** Opening Dataset extract block **
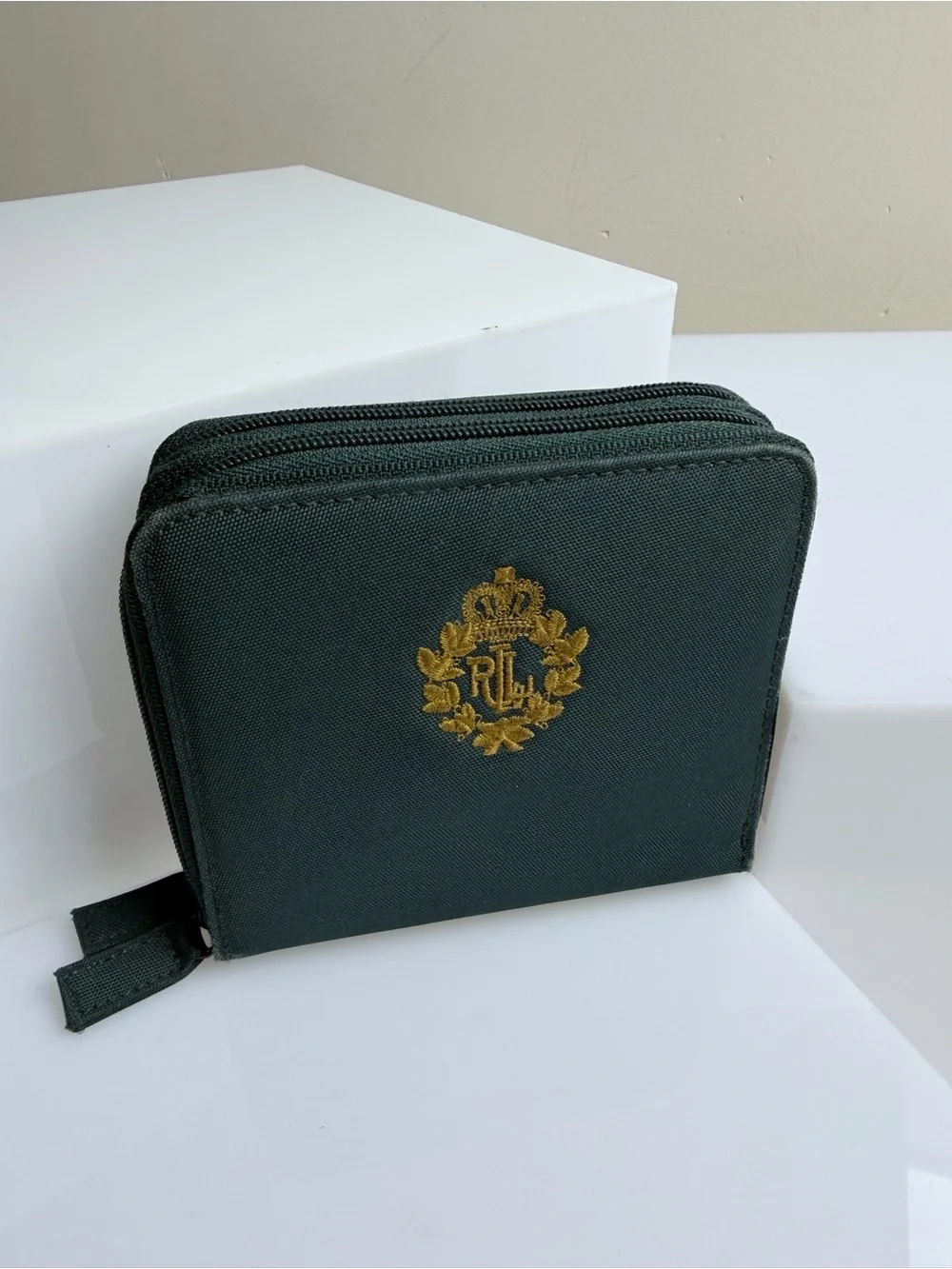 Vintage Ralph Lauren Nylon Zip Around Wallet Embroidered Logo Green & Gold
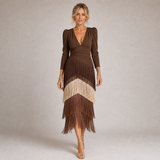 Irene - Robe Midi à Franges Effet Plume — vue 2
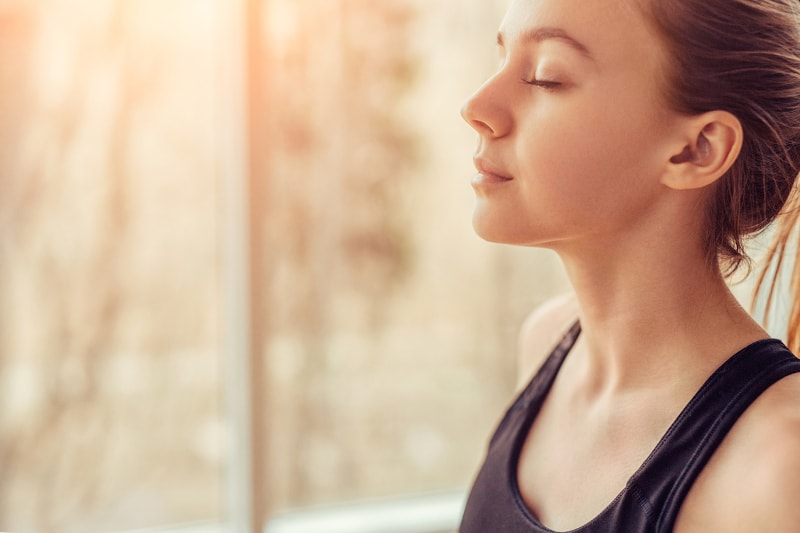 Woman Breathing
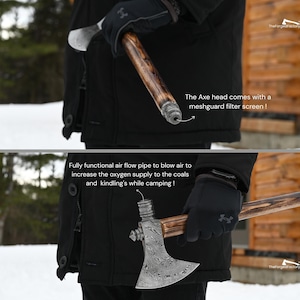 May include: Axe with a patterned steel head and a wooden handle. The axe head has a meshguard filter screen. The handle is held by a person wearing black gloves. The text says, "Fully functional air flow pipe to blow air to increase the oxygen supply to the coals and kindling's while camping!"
** Closing Dataset extract block **
### Task statement
Your task is to output the material word for word while leaving out every image.

### Solution to the problem
 Vintage Ralph Lauren Nylon Zip Around Wallet Embroidered Logo Green & Gold
 Irene - Robe Midi à Franges Effet Plume — vue 2
 Woman Breathing
 May include: Axe with a patterned steel head and a wooden handle. The axe head has a meshguard filter screen. The handle is held by a person wearing black gloves. The text says, "Fully functional air flow pipe to blow air to increase the oxygen supply to the coals and kindling's while camping!"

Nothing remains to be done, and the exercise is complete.